- Task details:
Output, exactly as written, the lines below from the one that has "Make An Exit" through the one that has "Pavilion Dining Chair"; nothing else, and no pictures.

- Data for this exercise:
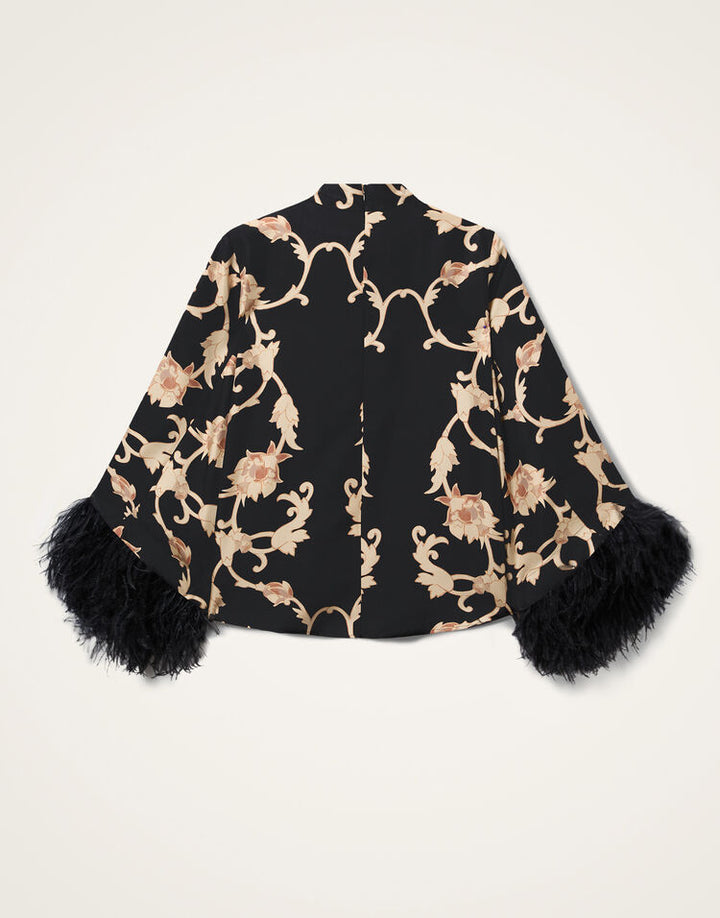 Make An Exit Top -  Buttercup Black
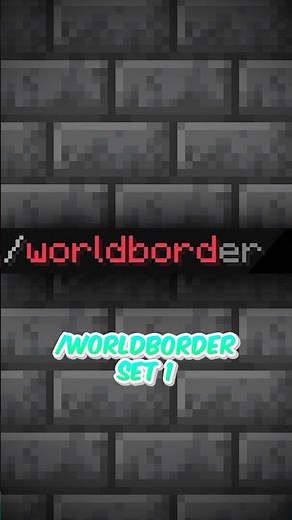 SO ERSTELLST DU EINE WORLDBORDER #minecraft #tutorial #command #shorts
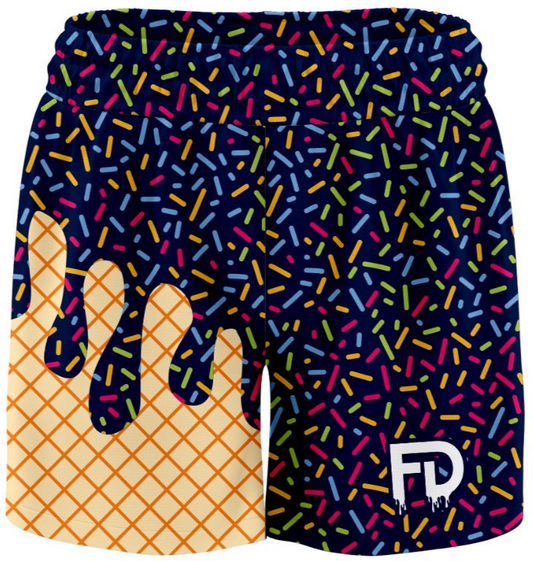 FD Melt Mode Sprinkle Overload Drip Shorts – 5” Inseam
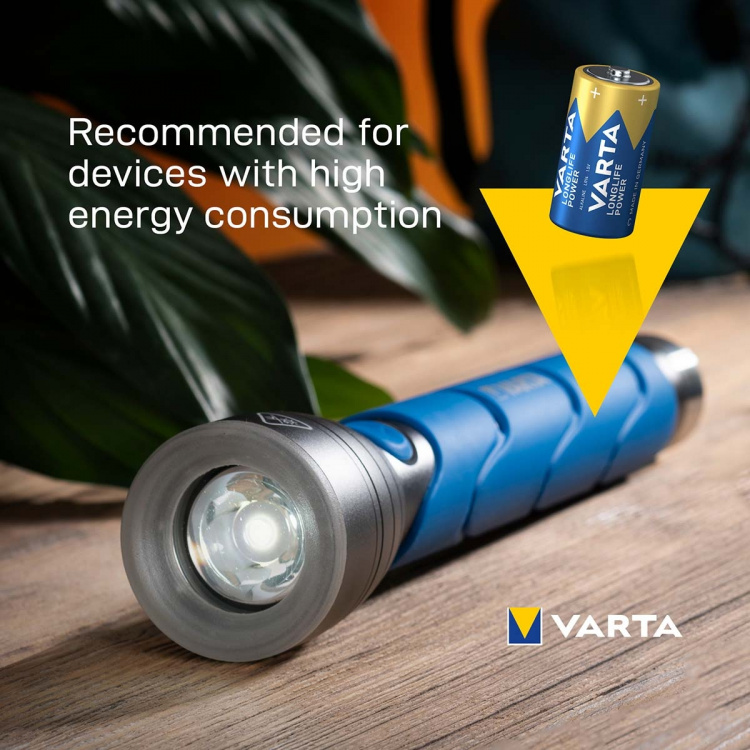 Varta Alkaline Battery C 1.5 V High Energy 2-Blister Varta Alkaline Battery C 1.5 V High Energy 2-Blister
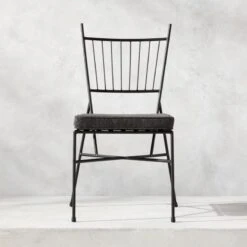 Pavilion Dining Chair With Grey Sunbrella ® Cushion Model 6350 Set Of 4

...

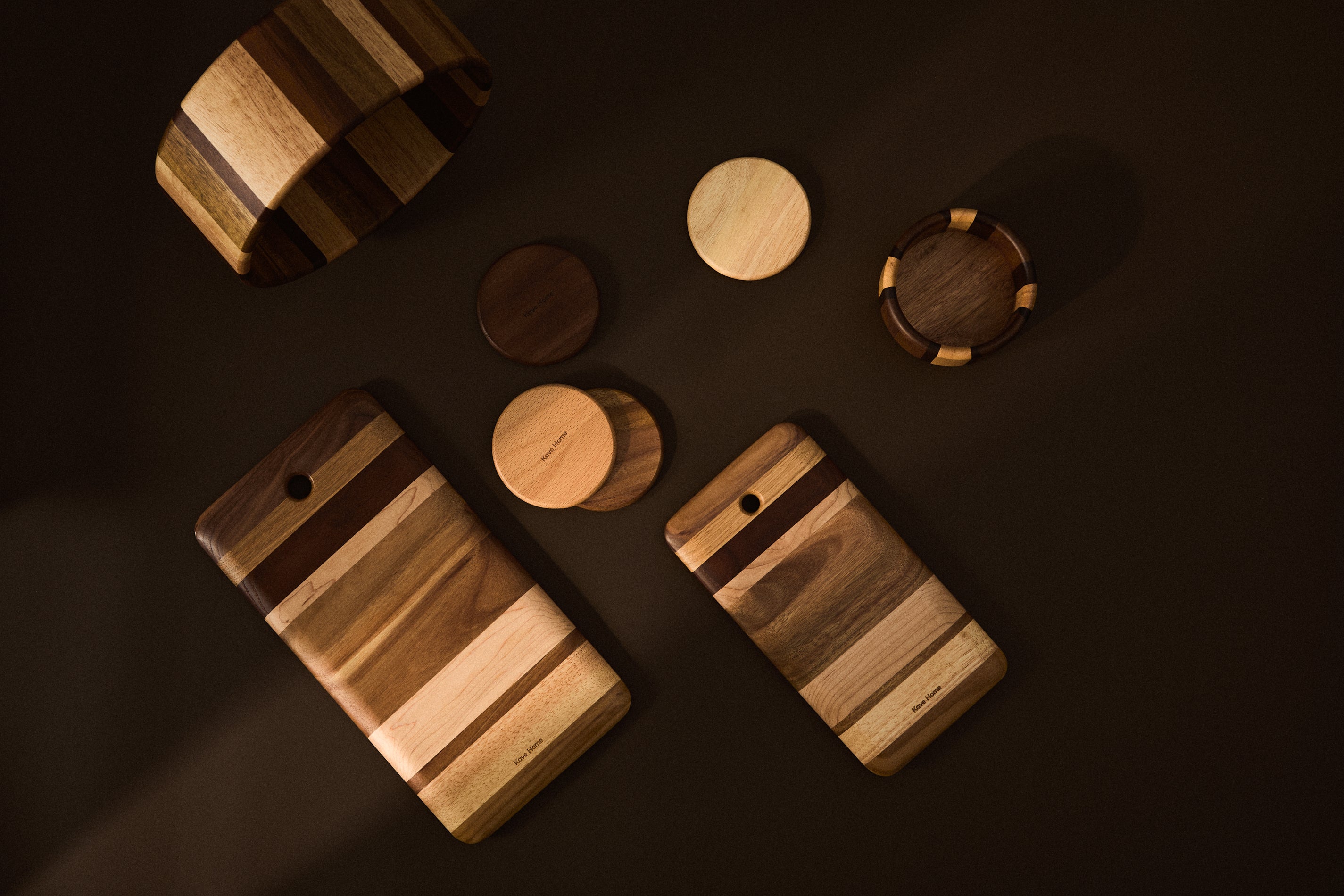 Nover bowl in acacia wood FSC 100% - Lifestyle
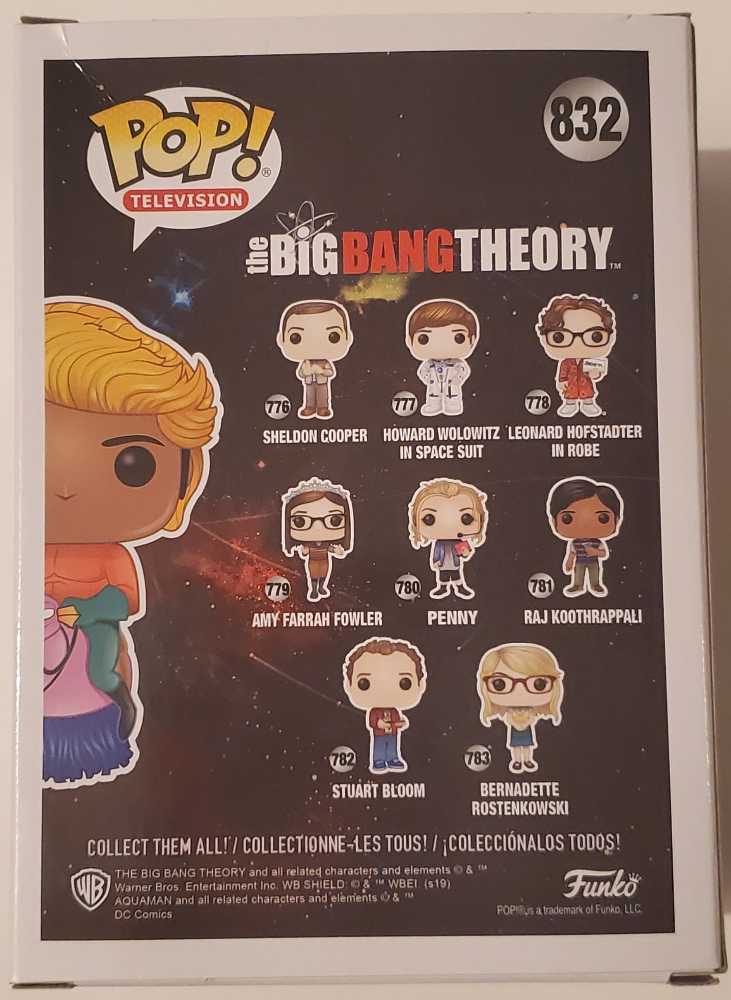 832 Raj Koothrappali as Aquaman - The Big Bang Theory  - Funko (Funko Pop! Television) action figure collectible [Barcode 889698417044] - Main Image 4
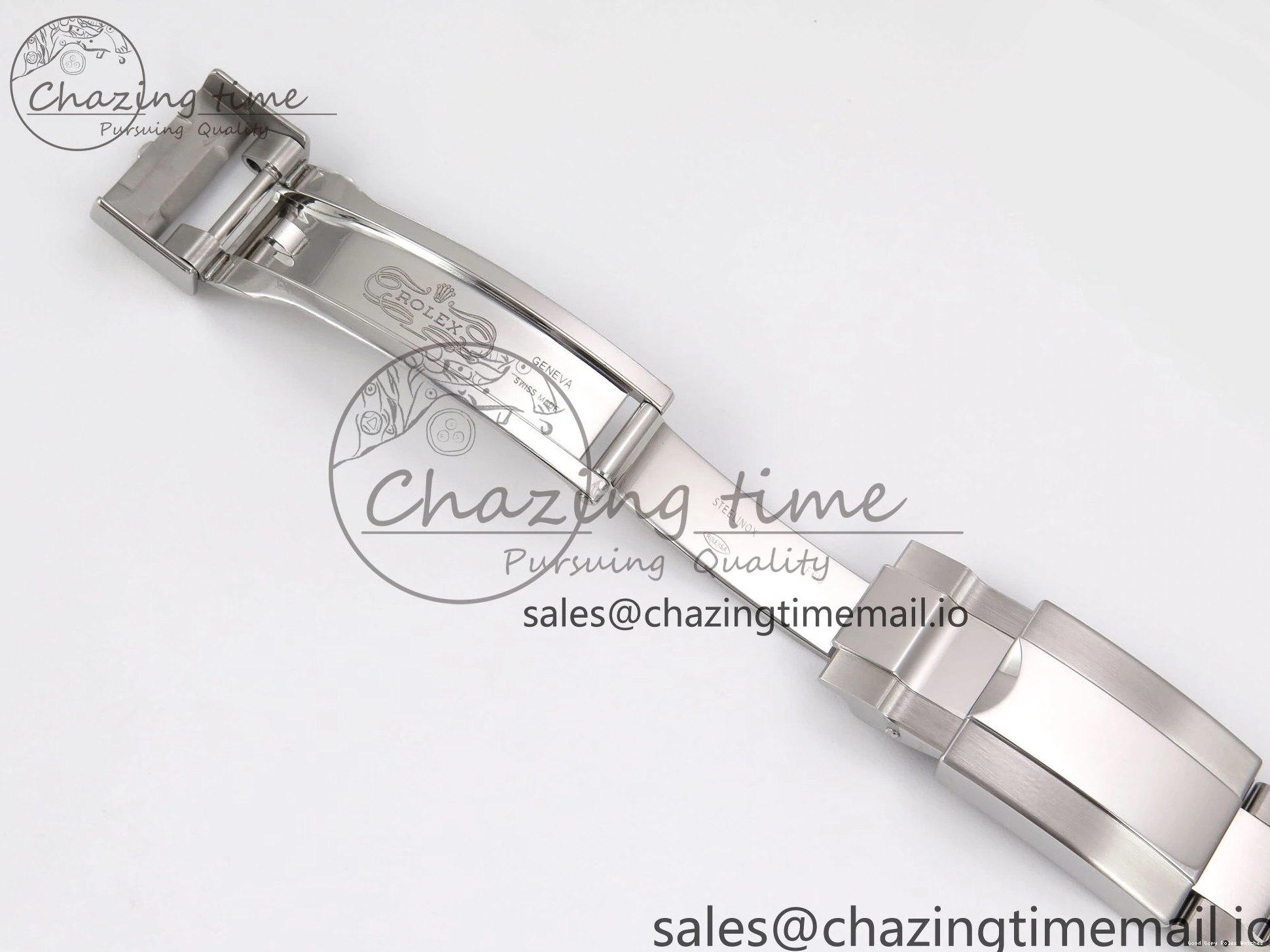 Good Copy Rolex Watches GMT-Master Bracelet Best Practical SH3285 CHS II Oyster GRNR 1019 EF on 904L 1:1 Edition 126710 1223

- Finished exercise:
 Make An Exit Top -  Buttercup Black
 SO ERSTELLST DU EINE WORLDBORDER #minecraft #tutorial #command #shorts
 FD Melt Mode Sprinkle Overload Drip Shorts – 5” Inseam
 Varta Alkaline Battery C 1.5 V High Energy 2-Blister Varta Alkaline Battery C 1.5 V High Energy 2-Blister
 Pavilion Dining Chair With Grey Sunbrella ® Cushion Model 6350 Set Of 4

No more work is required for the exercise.